• **INFORMATION PROVIDED**:
※

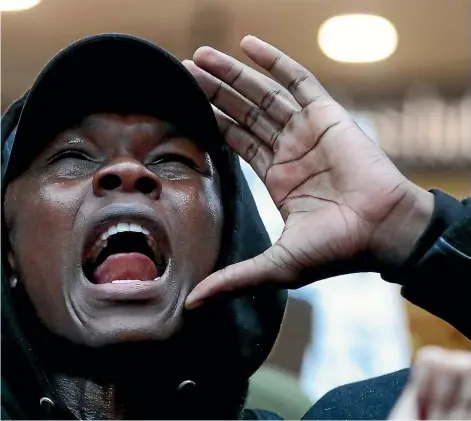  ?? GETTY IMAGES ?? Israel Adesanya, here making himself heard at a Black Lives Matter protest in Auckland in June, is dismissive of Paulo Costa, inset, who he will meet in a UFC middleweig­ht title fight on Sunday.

※

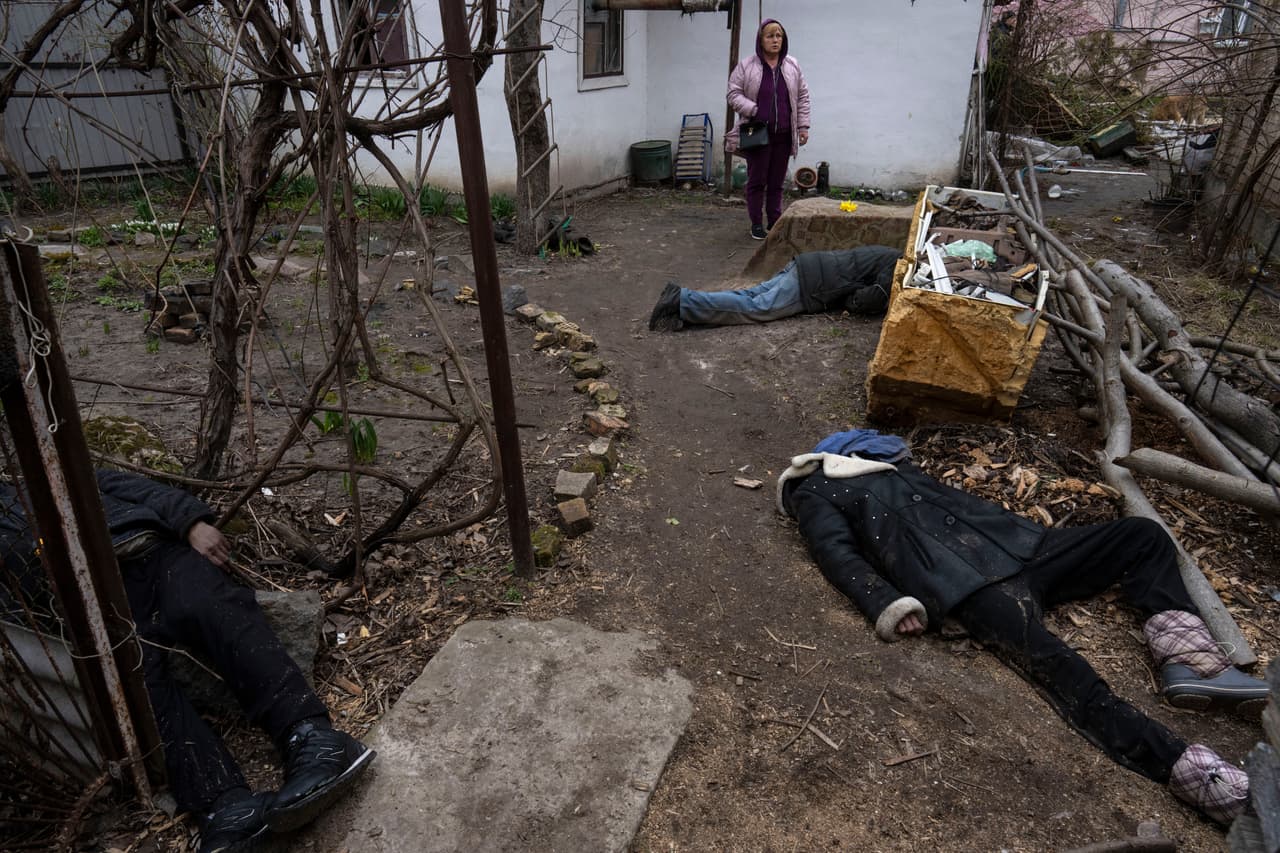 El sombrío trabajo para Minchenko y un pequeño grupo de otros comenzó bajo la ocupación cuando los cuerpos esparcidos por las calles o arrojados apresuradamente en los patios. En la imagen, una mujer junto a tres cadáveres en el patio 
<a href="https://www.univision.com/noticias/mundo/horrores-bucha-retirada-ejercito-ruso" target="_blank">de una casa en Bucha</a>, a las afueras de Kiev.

※

• **TRY IT**: Extract, without any images, the part of the material above that opens with the line containing "El sombrío trabajo" and closes with the line containing "afueras de Kiev.", both lines included.

• **SOLUTION FOR THIS PROBLEM**:
 El sombrío trabajo para Minchenko y un pequeño grupo de otros comenzó bajo la ocupación cuando los cuerpos esparcidos por las calles o arrojados apresuradamente en los patios. En la imagen, una mujer junto a tres cadáveres en el patio 
<a href="https://www.univision.com/noticias/mundo/horrores-bucha-retirada-ejercito-ruso" target="_blank">de una casa en Bucha</a>, a las afueras de Kiev.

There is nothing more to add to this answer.